[Exercise directions]:
Only the lines below starting at the one containing "Rethymno. Crete, Greece." and ending at the one containing "Undertaker is advising" belong in the answer, each copied exactly.

Data listing below:

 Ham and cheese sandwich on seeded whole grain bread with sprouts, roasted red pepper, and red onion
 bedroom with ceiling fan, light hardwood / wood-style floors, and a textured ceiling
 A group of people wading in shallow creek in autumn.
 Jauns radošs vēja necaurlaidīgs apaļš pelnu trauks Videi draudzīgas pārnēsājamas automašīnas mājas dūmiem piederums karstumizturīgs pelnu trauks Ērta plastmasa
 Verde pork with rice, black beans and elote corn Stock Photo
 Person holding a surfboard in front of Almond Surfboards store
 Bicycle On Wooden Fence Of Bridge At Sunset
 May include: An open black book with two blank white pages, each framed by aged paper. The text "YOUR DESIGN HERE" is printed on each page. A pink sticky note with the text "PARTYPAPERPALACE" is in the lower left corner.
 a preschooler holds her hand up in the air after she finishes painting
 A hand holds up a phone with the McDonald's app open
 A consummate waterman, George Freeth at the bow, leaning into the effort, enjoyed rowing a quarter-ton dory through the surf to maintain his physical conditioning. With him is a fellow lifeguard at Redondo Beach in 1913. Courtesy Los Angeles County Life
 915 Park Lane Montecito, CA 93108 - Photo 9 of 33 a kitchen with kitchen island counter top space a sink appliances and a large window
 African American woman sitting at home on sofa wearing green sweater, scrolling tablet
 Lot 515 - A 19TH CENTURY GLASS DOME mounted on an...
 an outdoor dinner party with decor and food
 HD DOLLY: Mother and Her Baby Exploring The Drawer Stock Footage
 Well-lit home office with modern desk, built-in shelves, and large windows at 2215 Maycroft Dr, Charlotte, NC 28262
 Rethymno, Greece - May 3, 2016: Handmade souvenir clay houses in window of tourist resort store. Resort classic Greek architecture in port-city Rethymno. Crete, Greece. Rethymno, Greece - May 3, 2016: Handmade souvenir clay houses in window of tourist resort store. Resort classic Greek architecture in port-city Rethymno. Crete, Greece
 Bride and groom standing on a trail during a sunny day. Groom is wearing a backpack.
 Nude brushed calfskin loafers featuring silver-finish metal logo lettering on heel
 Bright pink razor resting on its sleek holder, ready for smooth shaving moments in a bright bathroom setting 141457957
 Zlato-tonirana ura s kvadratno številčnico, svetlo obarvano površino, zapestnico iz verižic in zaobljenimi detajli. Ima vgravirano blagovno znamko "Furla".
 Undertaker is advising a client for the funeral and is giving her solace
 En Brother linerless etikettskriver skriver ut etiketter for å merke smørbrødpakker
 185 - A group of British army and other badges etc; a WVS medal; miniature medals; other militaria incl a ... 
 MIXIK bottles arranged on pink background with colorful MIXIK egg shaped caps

End of Data listing.

[Completed exercise]:
 Rethymno, Greece - May 3, 2016: Handmade souvenir clay houses in window of tourist resort store. Resort classic Greek architecture in port-city Rethymno. Crete, Greece. Rethymno, Greece - May 3, 2016: Handmade souvenir clay houses in window of tourist resort store. Resort classic Greek architecture in port-city Rethymno. Crete, Greece
 Bride and groom standing on a trail during a sunny day. Groom is wearing a backpack.
 Nude brushed calfskin loafers featuring silver-finish metal logo lettering on heel
 Bright pink razor resting on its sleek holder, ready for smooth shaving moments in a bright bathroom setting 141457957
 Zlato-tonirana ura s kvadratno številčnico, svetlo obarvano površino, zapestnico iz verižic in zaobljenimi detajli. Ima vgravirano blagovno znamko "Furla".
 Undertaker is advising a client for the funeral and is giving her solace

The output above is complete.